Show that the condition that the two triangles in the Argand plane formed by the two triples of complex numbers \(a_1\), \(a_2\), \(a_3\) and \(b_1\), \(b_2\), \(b_3\) should be similar in the same sense is that \[\frac{a_1 - a_3}{a_1 - a_2} = \frac{b_1 - b_3}{b_1 - b_2}.\] The three triangles \(BCA'\), \(CAB'\), \(ABC'\) are similar in the same sense (although they are not necessarily similar to \(ABC\)). Show that the triangles \(ABC\), \(A'B'C'\) have the same centroid.

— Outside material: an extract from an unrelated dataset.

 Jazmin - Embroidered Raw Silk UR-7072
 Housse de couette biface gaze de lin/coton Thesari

Prove, by induction or by using de Moivre's theorem or in any other way, that if \(n\) is a positive integer then \[\tan nx = \frac{U_n(t)}{V_n(t)},\] where \(t = \tan x\) and \(U_n(t)\), \(V_n(t)\) are even polynomials of respective degrees \(n-2\), \(n\) if \(n\) is even and \(n-1\), \(n-1\) if \(n\) is odd. Hence, or otherwise, show that if \(n\) is even, then the product \[\prod_{r=0}^{n-1} \tan \frac{r\pi + c}{n}\] has the same value for all those real numbers \(c\) for which it is defined.

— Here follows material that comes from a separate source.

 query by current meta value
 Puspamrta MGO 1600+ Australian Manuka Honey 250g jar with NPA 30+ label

Three points are marked at random on the circumference of a circle. Show that there is probability \(\frac{1}{4}\) that the triangle with these three points as vertices is acute-angled.
Prove that the positive number \(a\) has the property that there exists at least one positive number that is equal to its own logarithm to the base \(a\) if and only if \(a \leq e^{1/e}\).
Prove that, if \(f(x)\) is a polynomial with integral coefficients, then the sum of the infinite series \[f(0) + f(1)/1! + f(2)/2! + \ldots\] is an integral multiple of \(e\).
Prove that, if no two of the real numbers \(a_1\), \(a_2\), \(\ldots\), \(a_n\) are equal, and all the real numbers \(A_1\), \(A_2\), \(\ldots\), \(A_n\) are positive, then the equation \[\frac{A_1}{x - a_1} + \frac{A_2}{x - a_2} + \ldots + \frac{A_n}{x - a_n} = 0\] has exactly \(n - 1\) real roots.
Prove that the quadrilateral of greatest area with sides of prescribed lengths is cyclic. A closed curve has the property that the area that it encloses is greater than that enclosed by any other closed curve of the same length; prove, by considering quadrilaterals inscribed within it, that the curve is a circle. (You may assume that the area enclosed by the curve is convex.)
If \(I(a, b)\) is defined, for all pairs of positive real numbers \(a\), \(b\), by \[I(a, b) = \int_0^{\infty} \frac{x^{a-1}}{(1+x)^{a+b}} dx,\] show, by substituting for \(x\) or otherwise, that \(I(a, b) = I(b, a)\). Prove also that \[I(a+1, b) = \frac{a}{a+b} I(a, b) \text{ and } I(a, b+1) = \frac{b}{a+b} I(a, b).\]
Show that there is a unique pair of real numbers \(a\), \(b\) with the property that \[\int_{-1}^{+1} P(x) dx = P(a) + P(b)\] for all polynomials \(P(x)\) of degree at most three.